Task to carry out: Transcribe word for word the lines below from the line with "Jelang Iduladha –" through the line with "POLLACHI DOG LOVERS❤️?‍?", ends included.

Entries provided:
---+---
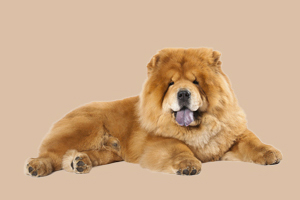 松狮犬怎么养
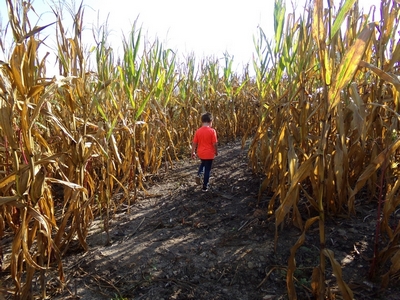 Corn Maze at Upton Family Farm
---+---
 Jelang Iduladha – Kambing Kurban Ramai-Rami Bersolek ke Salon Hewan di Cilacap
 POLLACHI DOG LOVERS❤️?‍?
---+---
Response area:
 Jelang Iduladha – Kambing Kurban Ramai-Rami Bersolek ke Salon Hewan di Cilacap
 POLLACHI DOG LOVERS❤️?‍?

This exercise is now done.